When four feet five inches tall Finbar McBride (Peter Dinklage) takes up residence in Newfoundland, New Jersey, it quickly becomes apparent that the townspeople haven’t seen many dwarfs. On his first day, Fin walks to the local convenience store, and just as he’s reaching for a carton of butter, the old lady owner snaps his picture, with a camera she appears to have ever at the ready, like a mini-market Diane Arbus. Fin pauses in surprise, and then continues shopping, seemingly nonplussed, a man long resolved to the inherent weirdness of the tall.

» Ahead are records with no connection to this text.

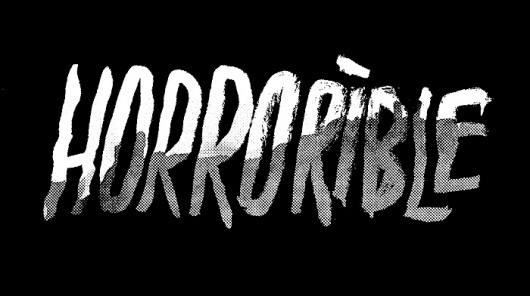 Horrorible #typography #horror #half #tone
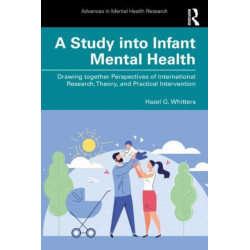 A Study into Infant Mental Health: Drawing together Perspectives of International Research, Theory, and Practical Intervention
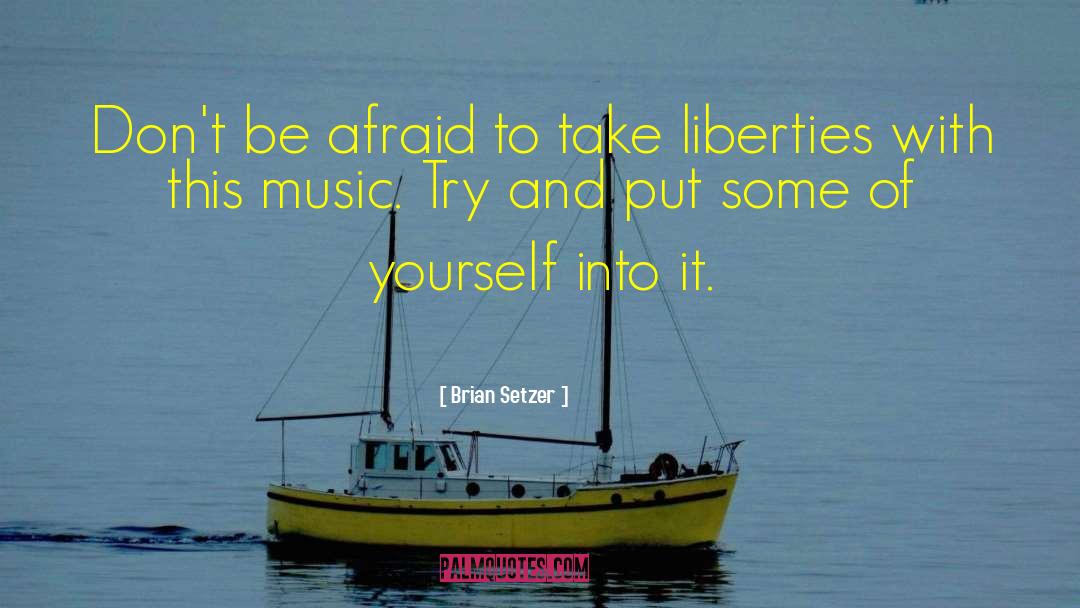 Brian Setzer Quotes: Don't be afraid to take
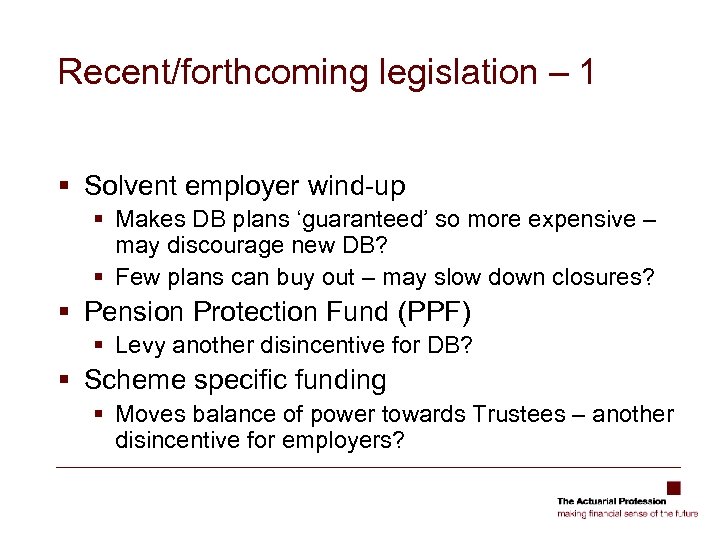 Recent/forthcoming legislation – 1 § Solvent employer wind-up § Makes DB plans ‘guaranteed’ so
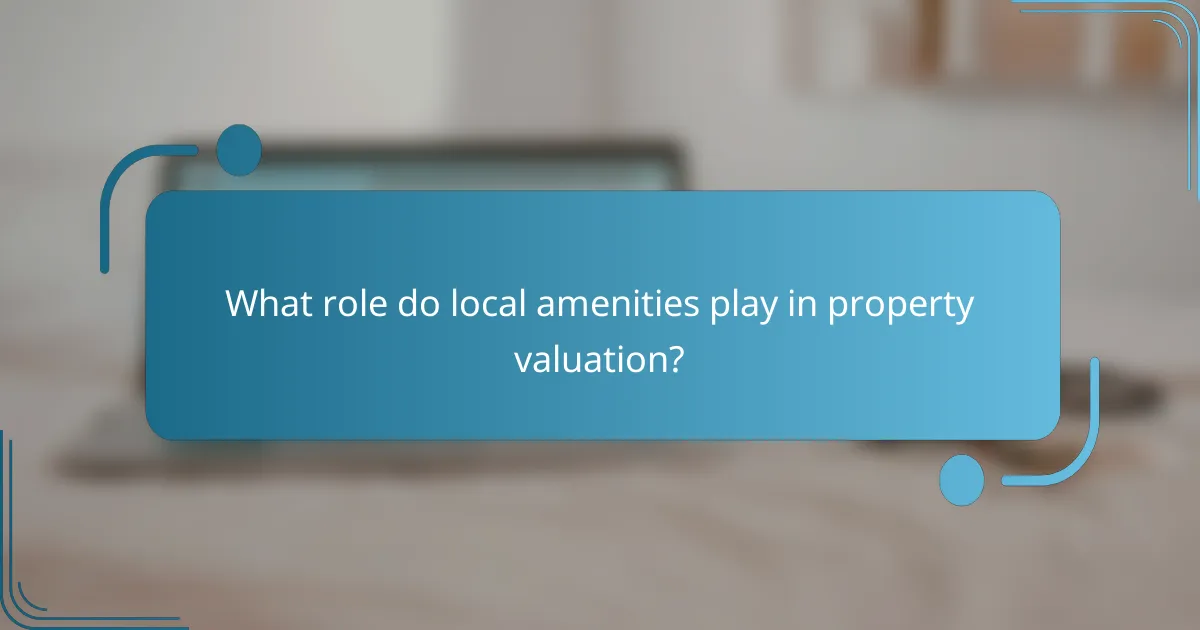 What role do local amenities play in property valuation?
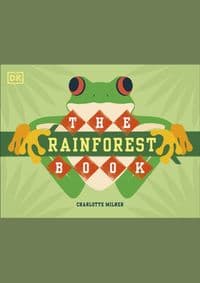 The Rainforest Book - Charlotte Milner, Dorling Kindersley Ltd 1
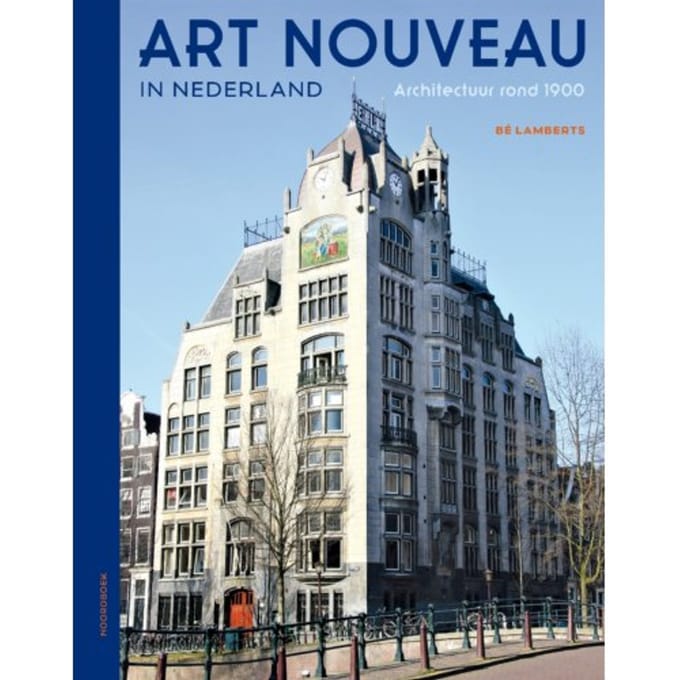 Art Nouveau In Nederland - Bé Lamberts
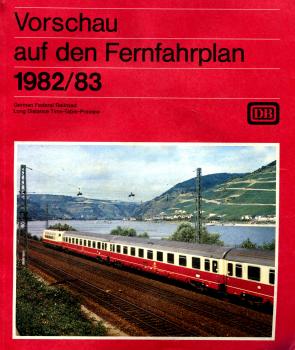 Vorschau auf den Fernfahrplan 1982 / 1983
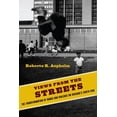 thumbnail image 1 of Pre-Owned Views from the Streets: The Transformation of Gangs and Violence on Chicago's South Side (Paperback) 0231187734 9780231187732, 1 of 2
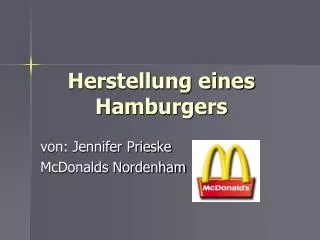 herstellung eines hamburgers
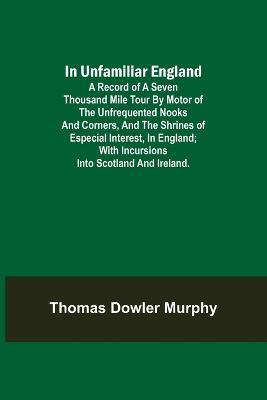 In Unfamiliar England; A Record of a Seven Thousand Mile Tour by Motor of the Unfrequented Nooks and Corners, and the Shrines of Especial Interest, in England; With Incursions into Scotland and Ireland. - Thomas Dowler Murphy - cover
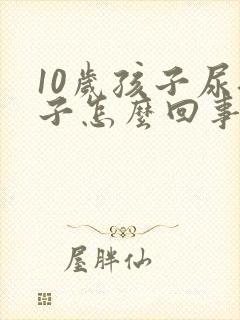 10岁孩子尿裤子怎么回事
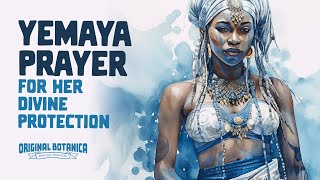 A Yemaya Prayer For Her Divine Protection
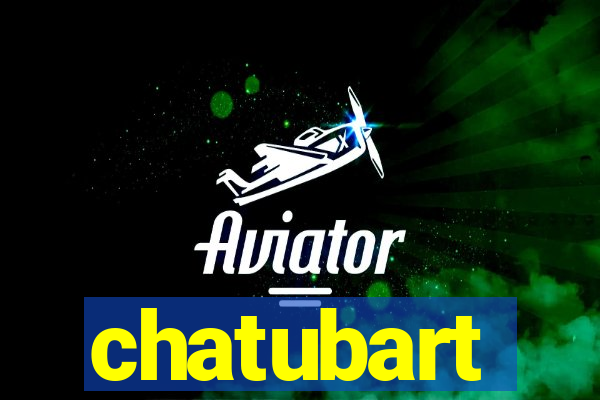 chatubart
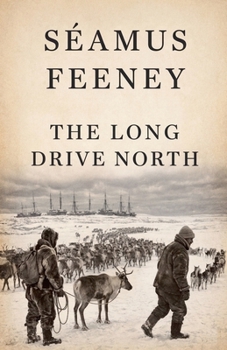 Paperback The Long Drive North Book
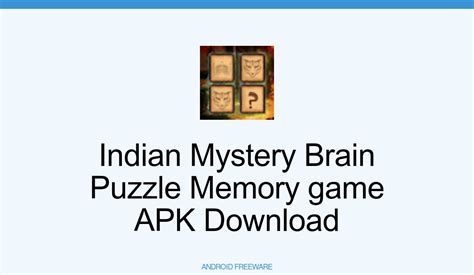 Indian Mystery Brain Puzzle Memory Game Apk Download For Android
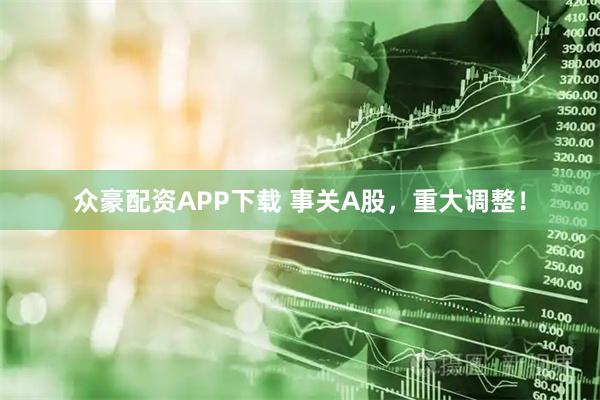 众豪配资APP下载 事关A股，重大调整！
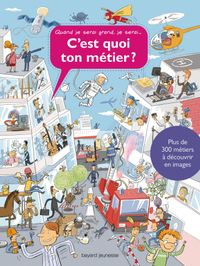 Couverture « C’est quoi ton métier ? »
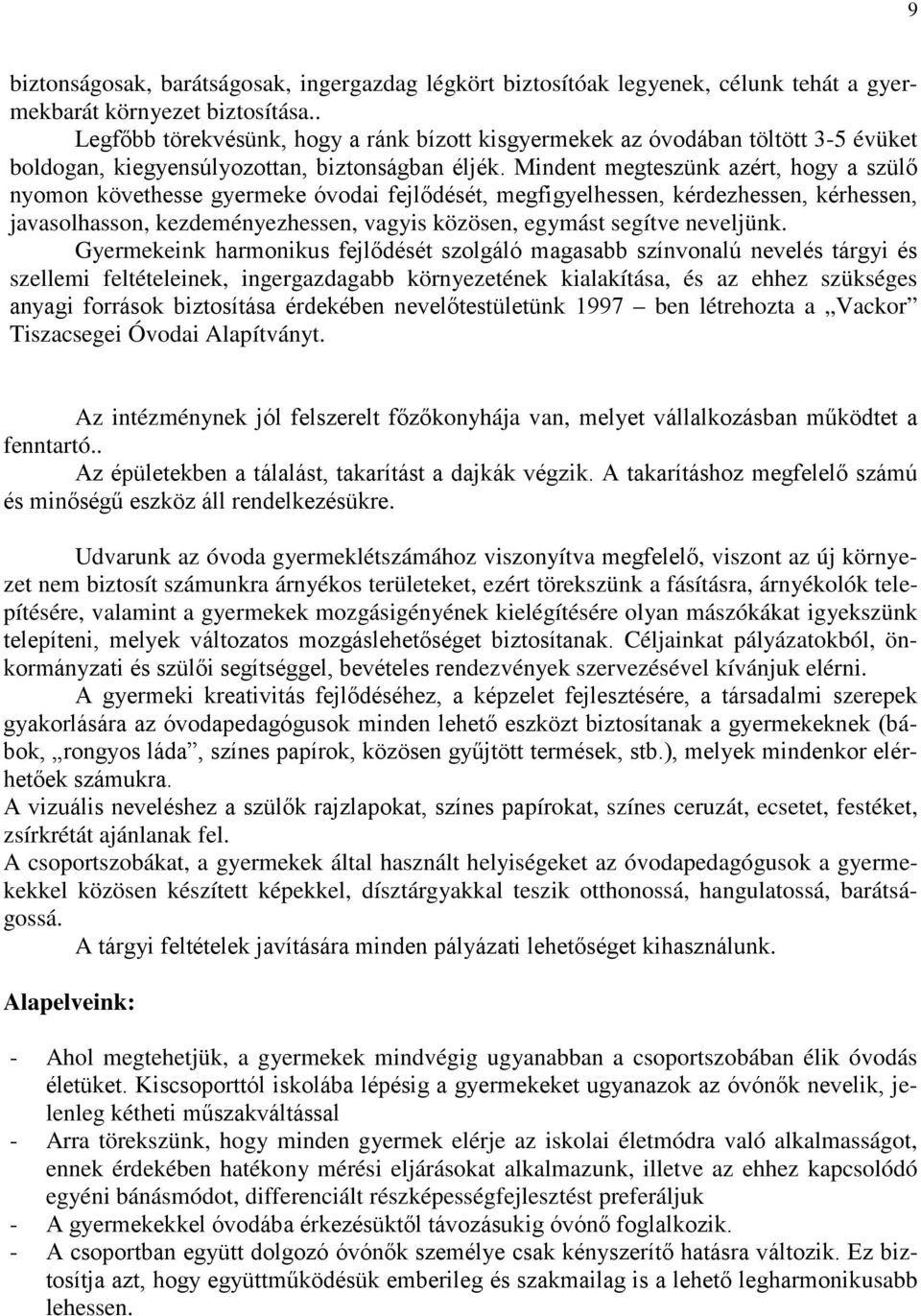 Mindent megteszünk azért, hogy a szülő nyomon követhesse gyermeke óvodai fejlődését, megfigyelhessen, kérdezhessen, kérhessen, javasolhasson, kezdeményezhessen, vagyis közösen, egymást segítve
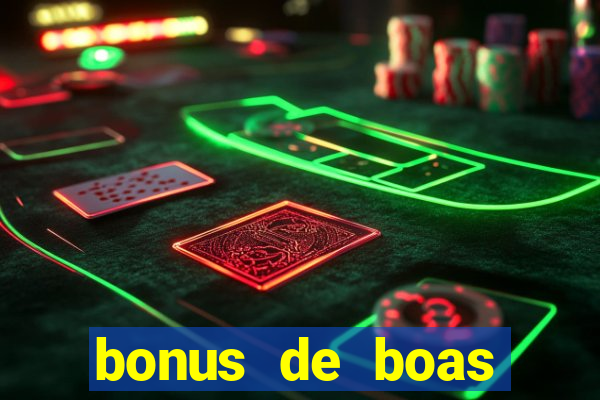 bonus de boas vindas cassino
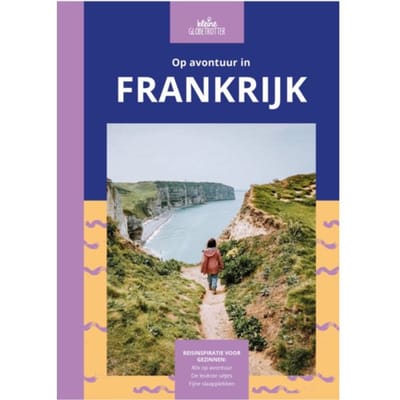 Op Avontuur In Frankrijk - Op Avontuur In - Kleine Globetrotter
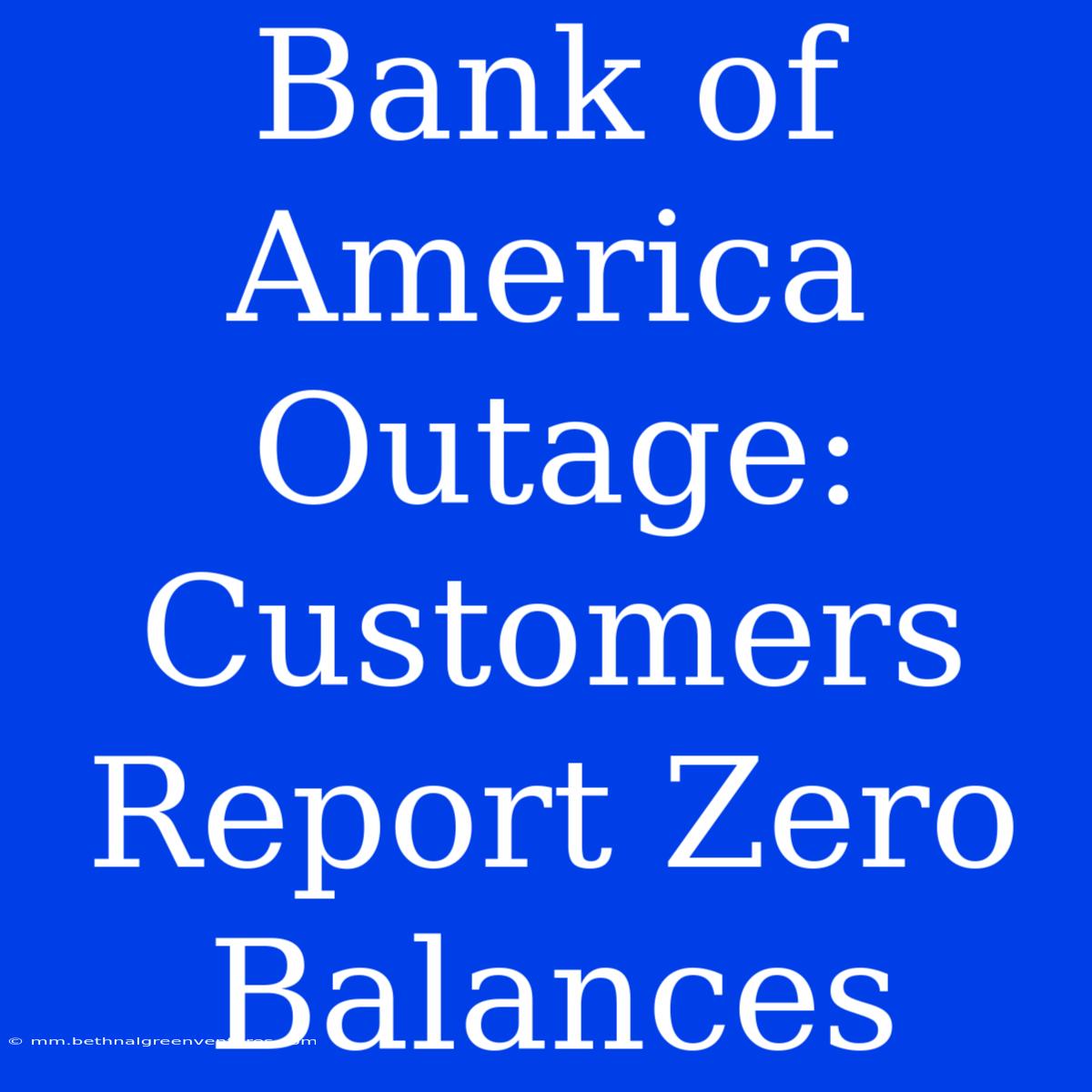 Bank Of America Outage: Customers Report Zero Balances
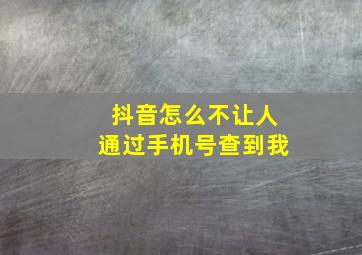 抖音怎么不让人通过手机号查到我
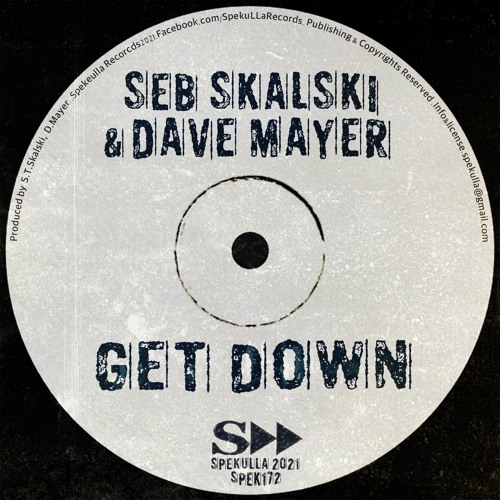 GET DOWN w/ SEB SKALSKI [SPEKULLA - 2021]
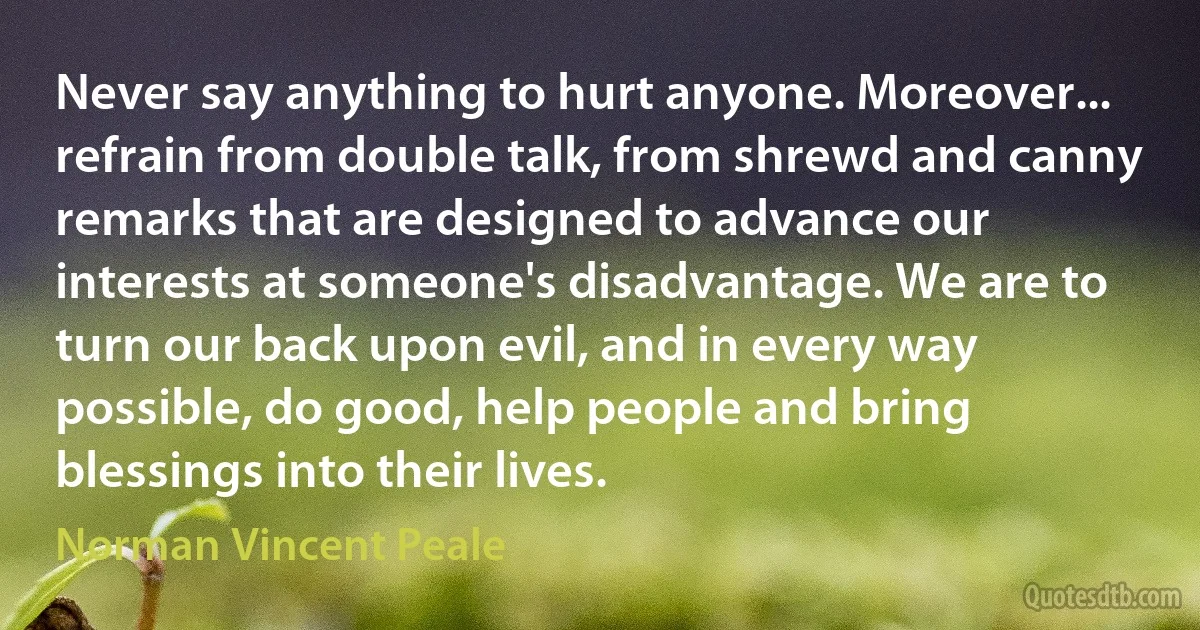 Never say anything to hurt anyone. Moreover... refrain from double talk, from shrewd and canny remarks that are designed to advance our interests at someone's disadvantage. We are to turn our back upon evil, and in every way possible, do good, help people and bring blessings into their lives. (Norman Vincent Peale)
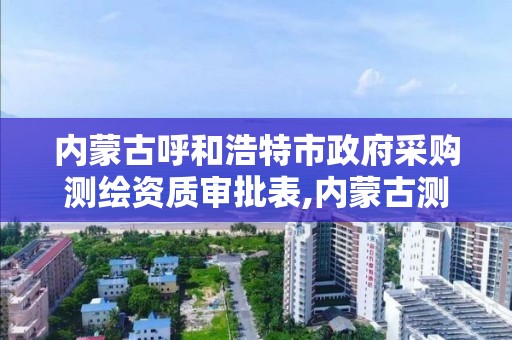 内蒙古呼和浩特市政府采购测绘资质审批表,内蒙古测绘资质延期公告。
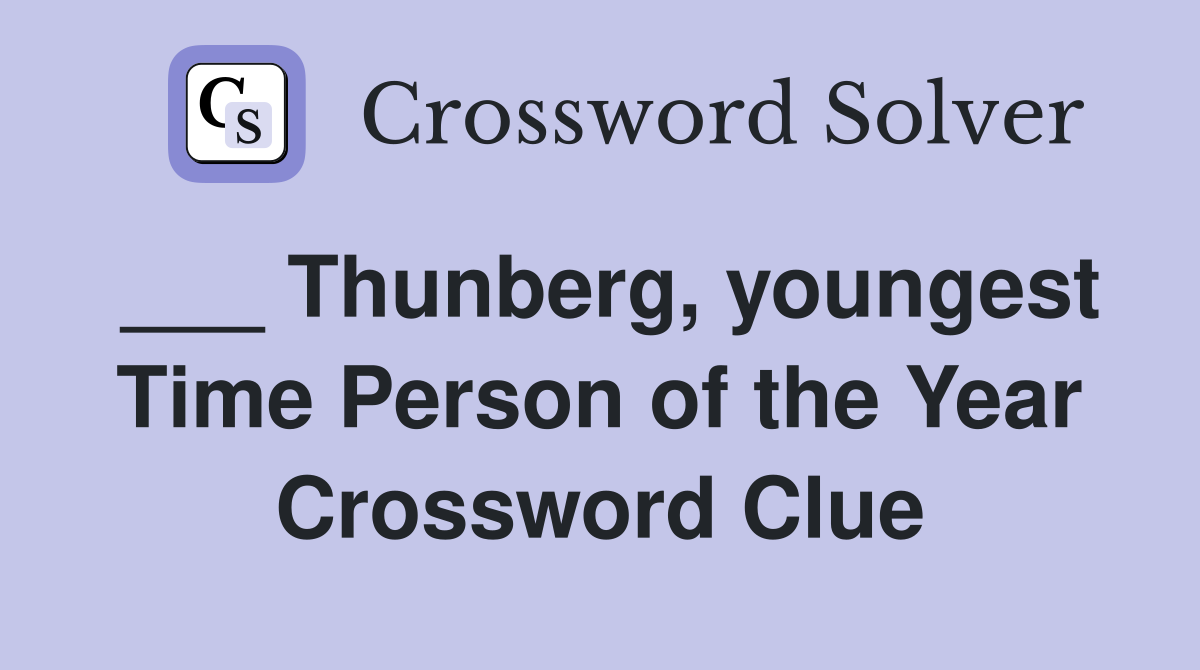___ Thunberg, youngest Time Person of the Year Crossword Clue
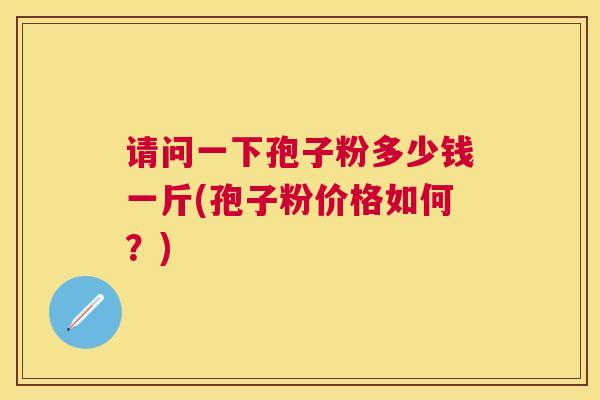请问一下孢子粉多少钱一斤(孢子粉价格如何？)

Fin’s mentor at a Hoboken model train shop died a few weeks ago, and much to Fin’s surprise, left his assistant a tiny plot of land in Newfoundland, upon which sits the town’s now obsolete train depot. Neither Fin nor the actor playing him gives much away, not at first anyway, but Fin is probably thrilled. He’s a trainman. Late at night, he lies on his bed (an old couch) and listens to the them roaring past his new home, heading for elsewhere. Their weight and clatter makes the sofa bed tremble, and although writer-director Tom McCarthy doesn’t linger, it seems likely that Fin doesn’t shut his eyes until after those cars have rattled past, until he’s sure the trains are still running on time.
For Fin, there’s important restoration work to be done—a lifetime’s worth — and yet people — and who needs them? — keep knocking at the station door. First, and most persistently, like a gnat you can’t swat away, comes Joe (Bobby Cannavale), an adorable, can’t-sit-still, won’t-shut-up Cuban who parks his ailing father’s hot dog truck outside the depot everyday and who desperately wants a pal. Joe’s benignly hot for the haunting Olivia (Patricia Clarkson), who is so klutzy and distracted that she nearly runs Fin down, twice in the same hour. Initially, Fin isn’t any more forthcoming with her than he is Joe, but Olivia’s persistent too, and one night, over a bottle of apology wine (for almost running him over), she tells Fin that her little boy died two years ago. At the news, Fin stares, stunned (Olivia: “Could you not look at me right now?”), for here is someone with more of a right to sadness than he, and that, I think, is the moment Fin reengages with the world. Suddenly, he’s needed.
Despite a flurry of melodrama in the third act, not much happens in this movie, except that three people form a bond, for a lifetime, or maybe for just right now. Either way is fine. Joe, always talking, keeps trailing along behind Fin, pretending to love trains too, until, suddenly, he does. Olivia, whose husband has left her, keeps giving them rides home, and soon, they’re a trio, walking the tracks. And one day, to fulfill a dream of Fin’s, he and Joe take Olivia’s video camera and that lopsided tin can hot dog truck and go racing alongside a speeding train, like storm hunters pursuing a tornado. Fin, riding shotgun, proves to be a lousy cameraman and accidentally turns the camera on himself, forever capturing a glimpse of his own face — eyes wide, soul thrilled. Joe’s beside him, driving wildly, and whooping and hollerin’ like a cowboy roping his first steer. The pursuit is a rush, but mostly, Joe’s happy because he’s made Fin happy. They’re friends. It’s a quick flash of a scene, and yet, watching those two — so ecstatically engaged with life — I thought, Oh. This is what I’ve forgotten, and what Joe knows instinctively: Joy doesn’t just come. Sometimes you have to chase after it. You have to meet it halfway.